Tiers payant contre biosimilaires : ça démarre aujourd'hui, t'es prêt ?

Depuis ce 1er septembre, le dispositif LFSS 2026 est en vigueur : pas de substitution biosimilaire ou hybride possible, pas de tiers payant pour le patient. C'est le levier de pression le plus direct jamais mis entre les mains du pharmacien au comptoir. Le mode d'emploi, c'est maintenant.

Le tiers payant contre biosimilaires et hybrides, c'est live. Depuis hier, le 1er septembre, le dispositif prévu par la LFSS 2026 s'applique dans toutes les officines de France.

Le principe est simple, même si l'exécution demande un peu de doigté. Quand une substitution biosimilaire ou hybride est possible et que le patient la refuse, tu n'es plus tenu d'avancer les frais pour sa part remboursable. En clair : le refus de substitution coûte concrètement quelque chose au patient. C'est un changement de paradigme.

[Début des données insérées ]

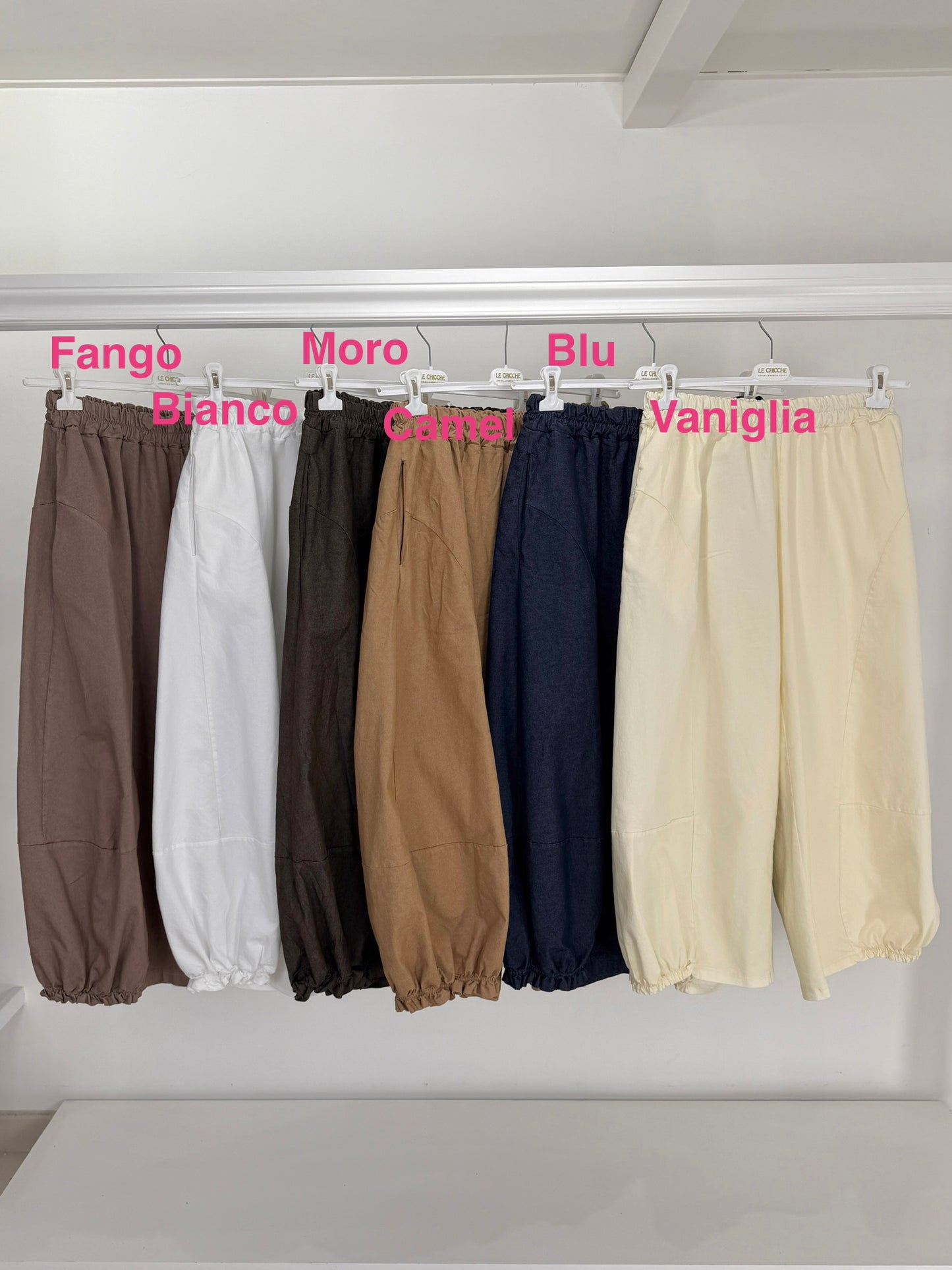 Pantalone effetto jeans fondo arricciato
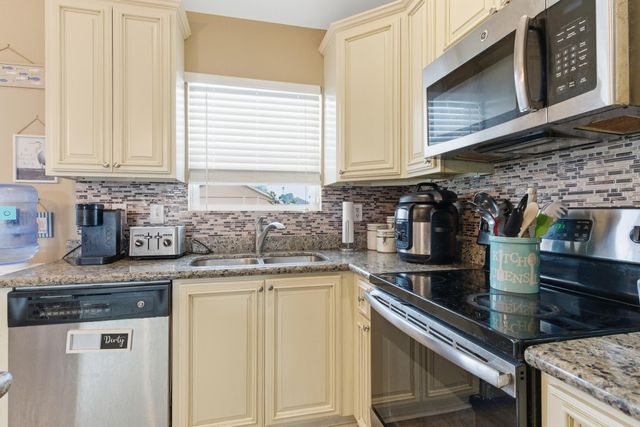 13304 Wisteria Dr., Gulfport, MS 39503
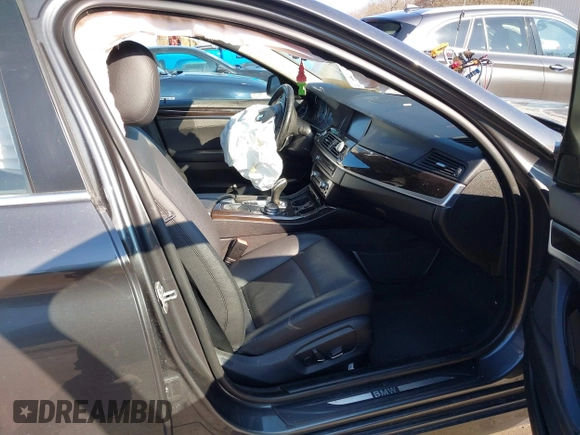 2016 BMW 5 Series 528i xDrive with VIN WBA5A7C56GG148624, listed as a IAAI auction lot 41640003 with 1 mi miles. Bid and sale history available at carsss.com. Image 5.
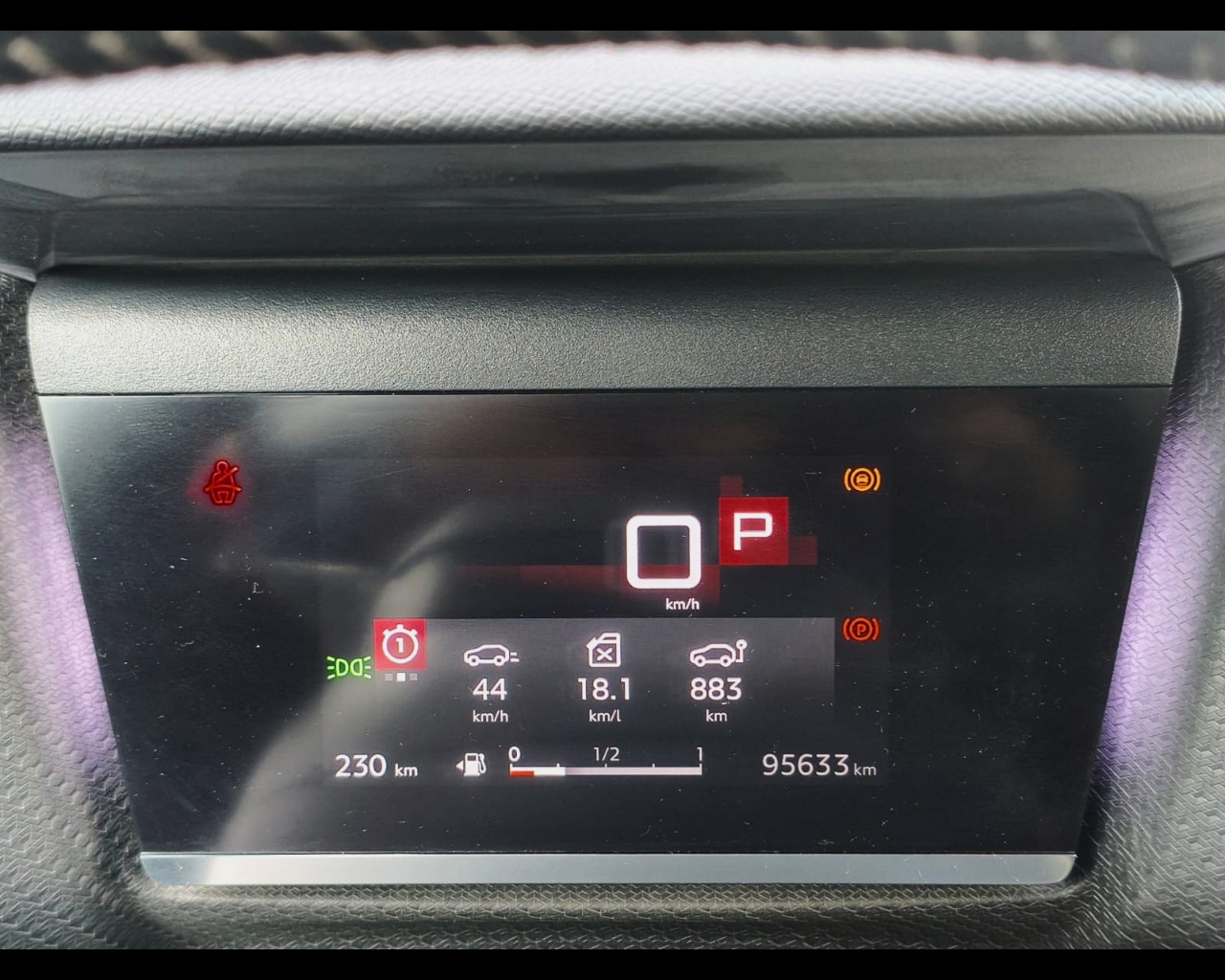 Foto CITROEN C4 1.5 bluehdi Feel Pack s&s 130cv eat8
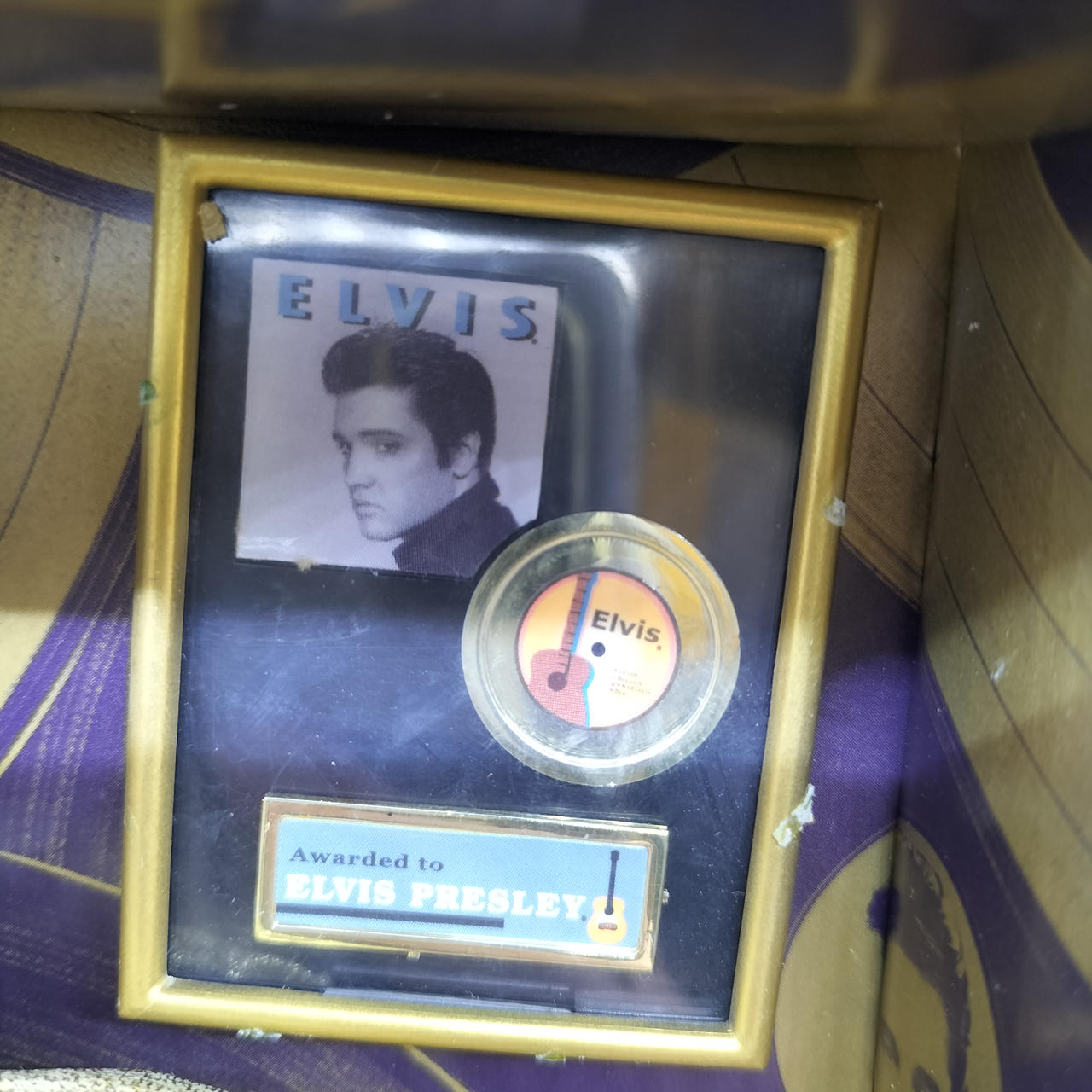 マステで固定してます。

Jusque-là, le pharmacien substituait quand il pouvait, mais sans vrai levier face au patient récalcitrant. Là, l'Assurance maladie met le tiers payant dans la balance. C'est la FSPF qui le résume clairement : la mesure s'inscrit dans une logique d'incitation à la substitution, couplée à la volonté de maîtrise des dépenses de santé.

Quelques points d'attention au comptoir. Vérifie que ton logiciel gère bien le basculement automatique vers l'absence de tiers payant en cas de refus documenté. Forme ton équipe ce matin si ce n'est pas fait : la discussion avec le patient doit être pédagogique, pas conflictuelle. Le biosimilaire, c'est même efficacité, même sécurité, AMM identique. Rappelle-le.

Attention aussi aux cas d'opposition médicale : si le prescripteur a mentionné la non-substituabilité sur l'ordonnance, le dispositif ne s'applique pas. Le médecin garde la main dans ces situations.

La mesure s'applique aux médicaments biologiques pour lesquels une substitution par un biosimilaire ou un hybride est techniquement possible selon les listes en vigueur. Pas de tiers payant suspendu sur tous les médicaments, évidemment, uniquement sur ce périmètre précis.

Ce que ça change demain matin : prépare un script court pour expliquer la situation au patient sans qu'il sorte en colère. Genre : "Votre médecin n'a pas précisé de marque obligatoire, je peux vous délivrer l'équivalent biosimilaire, qui fonctionne exactement pareil. Si vous préférez l'original, c'est tout à fait votre droit, mais dans ce cas le tiers payant ne s'applique pas sur votre part." Clair, factuel, non-conflictuel. T'as la loi avec toi.